I cristiano-sociali ne furono delusi, così che per le elezioni legislative del 1917 «La Gazzetta» non pubblicò il programma del Partito conservatore-democratico, limitandosi a raccomandare un appoggio di principio alle sue liste. Le leghe operaie cattoliche (organizzazioni presindacali fondate da don Carlo Roggiero agli inizi del ‘900, antesignane dell’OCST-Organizzazione Cristiano-Sociale Ticinese fondata nel 1919 e affermatasi durante gli anni ’30 grazie a don Luigi Del-Pietro) furono inoltre risentite per un articolo di Giuseppe Cattori, nel frattempo diventato Consigliere di Stato, apparso sul «Popolo e Libertà» (organo del PCDT), che ammetteva il carattere apolitico e aconfessionale della Camera del Lavoro per giustificare la decisione presa allora dalla Federazione dei docenti cattolici ticinesi di lasciare liberi i propri membri di iscriversi al sindacato socialista onde far valere quelle rivendicazioni di stipendio che i rappresentanti in Gran Consiglio non si erano preoccupati di appoggiare validamente.
Le proteste di don Roggiero
Agli inizi del 1919, quando il Partito conservatore svizzero inserì nel suo programma alcuni punti per una riforma della legislazione sociale e riconobbe finalmente ed esplicitamente le società operaie cattoliche e i sindacati cristiani, don Roggiero plaudì ma asserì che il ritardo con il quale i conservatori svizzeri avevano riconosciuto le organizzazioni operaie cristiano-sociali gettava su di loro un’ombra poco favorevole, essendoci voluto lo sciopero nazionale del 1918, con il pericolo della rivoluzione, per produrre tale trasformazione. «La Gazzetta del Lavoratore» prese poi atto con soddisfazione che il partito conservatore ticinese avesse aderito prontamente al programma del partito nazionale, e per le elezioni del 1919 al Consiglio nazionale pubblicò e sostenne la lista dei candidati conservatori ticinesi.
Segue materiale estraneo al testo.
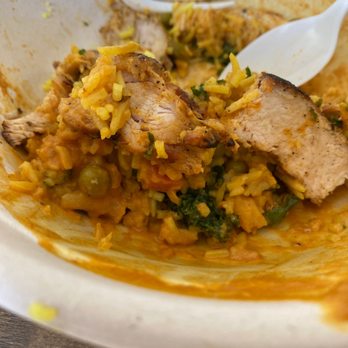 Aubergine Kitchen - Spicy Coconut Curry Chicken bowl! - Mediterranean Near Me - Lehi, Utah Aubergine Kitchen - Spicy Coconut Curry Chicken bowl! - Mediterranean Near Me - Lehi, Utah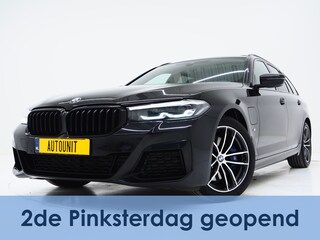 BMW 5-serie Touring 530e M Sport Shadow Line | Panoramadak | Trekhaak | Keyless | Sportstuur | Sfeerlicht | Camera | LED | Carplay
Nella pratica, però, le dirigenze conservatrici non diedero nessun sostegno ai tentativi dei rappresentati cristiano-sociali (eletti per la prima volta nel Gran Consiglio nei primi anni ’20) di promuovere iniziative in favore del popolo, mostrandosi renitenti a mettere in pratica un’effettiva politica sociale, diversamente da quanto si sforzava di fare il partito socialista.
L’ostracismo
Sino al 1929 i cristiano-sociali, a paragone dei socialisti, furono loro malgrado poco incisivi in mezzo agli operai, attribuendo la colpa di questo insuccesso, non senza ragione, all’ostracismo da loro sofferto per il politicismo della classe dirigente (conservatori inclusi) e l’immobilismo della stessa in materia sociale ed economica. Nei decenni a venire, malgrado le lusinghiere affermazioni dei cristiano-sociali in Svizzera e specialmente nel Cantone Ticino, il partito conservatore non fece mai veramente suo il loro progetto politico, accogliendone i postulati politici più per strategia elettorale e di equilibri di potere che per effettiva convinzione.